Carlos nodded. "They're all bleeding. You be my eyes. History ain't repeating itself on my watch."

A tiny voice whispered inside her head. Damali limped into the church and then stopped. Awareness made her stand up taller and then run in. She grabbed each Guardian female who was pregnant and shook her, causing males to gather around, bewildered.

"It's illusion!" Damali shouted. "Your worst fear amplified by mine. They can't touch these children--they weren't created to be lost like this . . . what happened to me before happened while Carlos was dead."

Damali pointed to the floor of the church. "What do you see?"

Female Neteru Guardians stood slowly and looked around and then down at their clothes.

"Right. The moment you crossed the threshold, the blood disappeared."

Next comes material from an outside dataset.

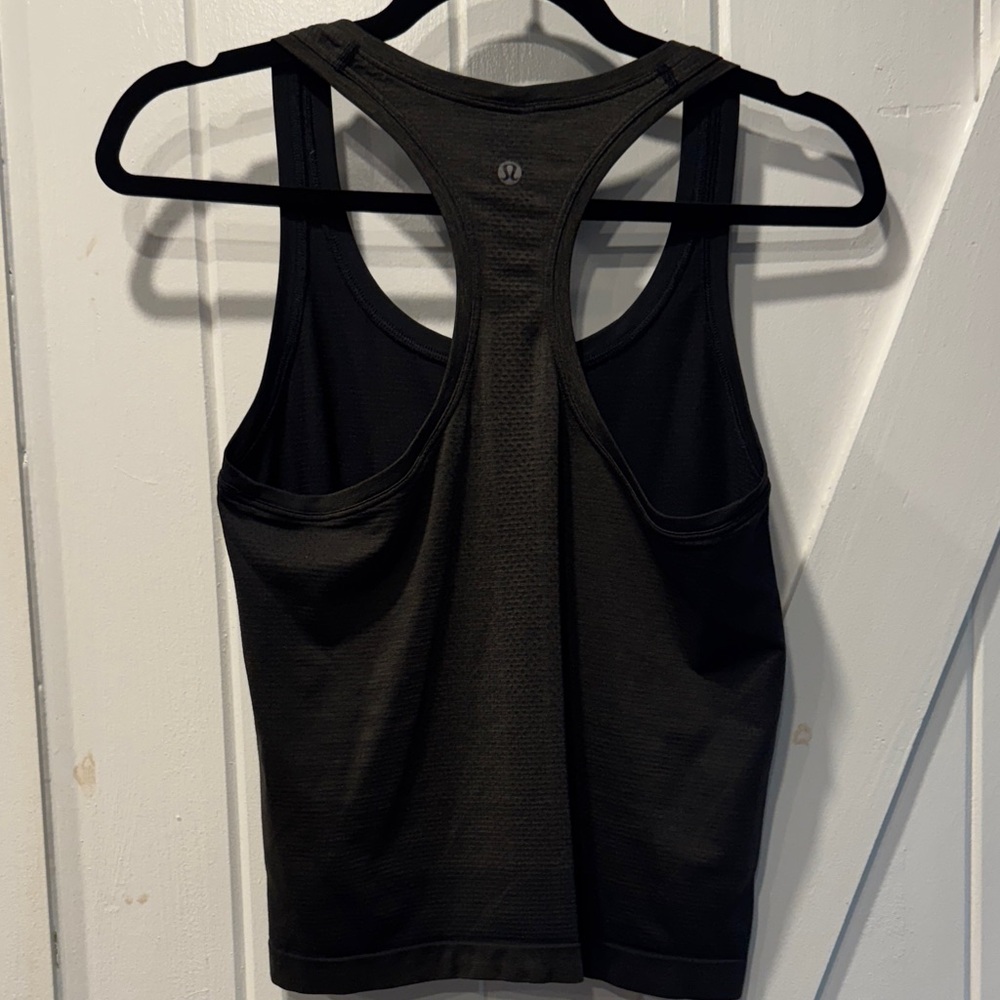 lululemon athletica Swiftly Tech Racerback   ~ Size 6 - Picture 3 of 5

Nuit spun away from the tip of a Neteru blade as it burned a graze mark in his black fatigues at his chest, and then sent a black charge toward Carlos, who deflected it with his shield of Heru. "We go way back, motherfucker -- and this time you have gone too far!" Carlos shouted, still partially blind as he listened for Nuit to land.

"You're so right," Fallen hissed, bearing fangs and battle bulking behind Carlos. "We go very far back, man ami."

"So do me and you," Yonnie said, his hand reaching through Nuit's back to rip out his dead heart. "All the way back to plantation days, bitch."

This time Carlos's blade didn't miss. His only regret when Fallen's head hit the ground was that he couldn't get one last good look into his foul eyes. But he never had time to contemplate the philosophical raisons d'etre. Something so strong and so massive swept his body off the ground and full body slammed him against the rocks. Neteru Kings surrounded it, drawing the colossal beast that was sheer moving darkness away from Carlos's limp form while Yonnie tried to get him up.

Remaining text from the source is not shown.